2. Kuriyama, Michael Hanemann, and Hilger (Citation2010) considered 52 beaches in a study with trip information on 4367 trips taken by 617 respondents. However, in general, only a few alternative sites are considered.
3. Endogenous estimation of a choice set was proposed by Haab and Hicks (Citation1997). However, this approach focuses on identifying the ‘actual’ consideration set (Campbell, Hensher, and Scarpa Citation2014) and is less relevant in coping with the issue of large choice sets since the computational requirements increase exponentially with the size of the potential choice set.
4. Note in the analysis of travel mode that only the RP data are relevant since we did not consider the travel mode in the choice experiment.
5. We have excluded income here since it has the same value in all of the alternatives and therefore cancels itself out.
6. Digital maps have previously been used in online questionnaires, for example, by (Horni, Charypar, and Axhausen Citation2010) in the empirical formation of choice sets for analysis of shopping behaviour.
7. Budget of the French driver, June 2011 (www.automobile-club.org).
8. The alternative cost of time is generally a source of discussion in the literature. Regardless of the assumption, it is true that individuals will consider a limited time budget and that the transport time will influence the choice of the forest to be visited. Even though we find this discussion to be relevant, it is beyond the scope of this paper.

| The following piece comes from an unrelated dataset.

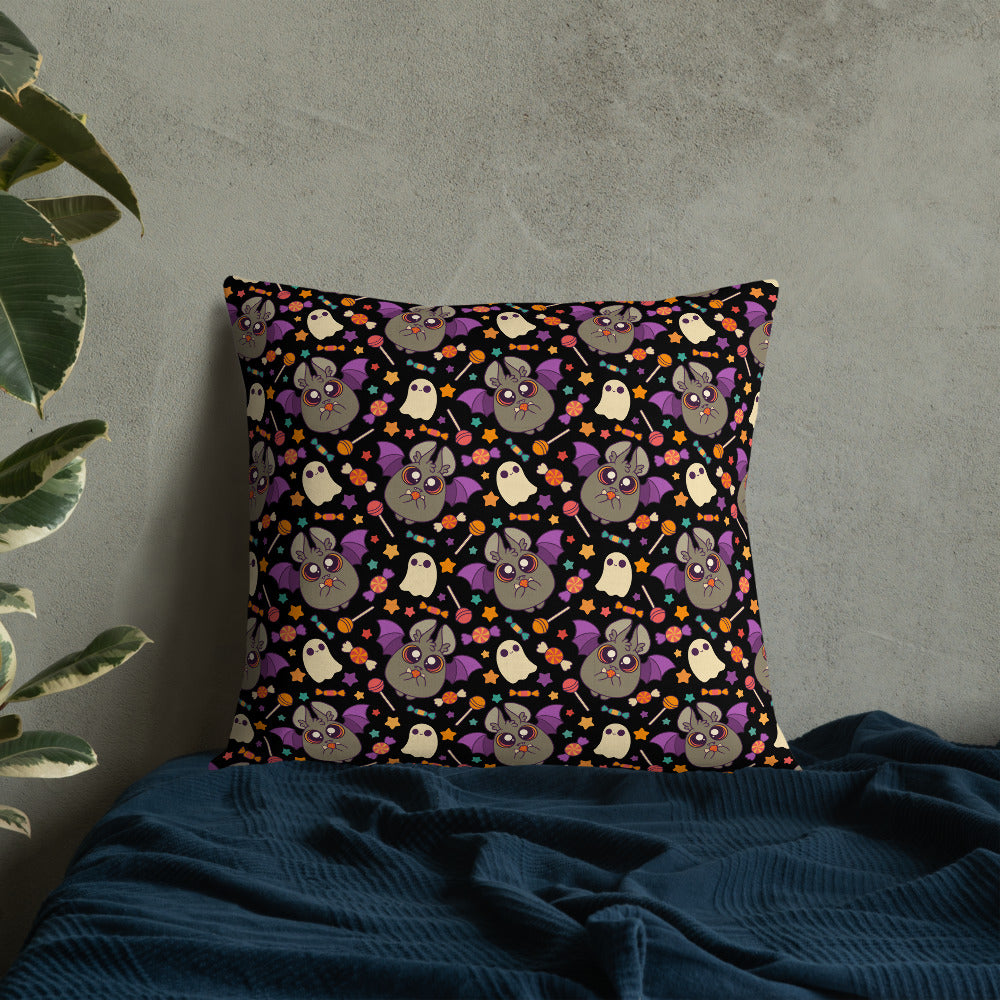 The Candy Bat Throw Pillow by Bindlewood Shop is a square cushion with a black background adorned with a vibrant pattern of cartoon owls and bats in shades of purple, grey, and yellow. Designed by Amanda Louise Spayd, this pillow is set against a concrete wall, resting on textured dark blue fabric with a plant visible on the left.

9. The results presented are based on MXL models. We also estimated conditional logit models. These results are available on request from the authors.
10. The log-likelihood function is estimated using Halton draws (150 draws). Estimation of the model was carried out using Nlogit 4.0 software, whereas the strategic sampling scheme was carried out in MATLAB.
11. As in Lemp and Kockelman (Citation2012), the results are an average of 10 replications of the simple and of the strategic sampling scheme.
12. Here, we use the choice set for the RP data based on the second iteration of the strategic sampling strategy.
13. Estimates in parentheses are based on strategic sampling and MXL estimation.
14. With simple random sampling, the log-likelihood function is often flat at its optimum value.
15. Pooling of RP and SP data is also rejected in Huang, Haab, and Whitehead (Citation1997).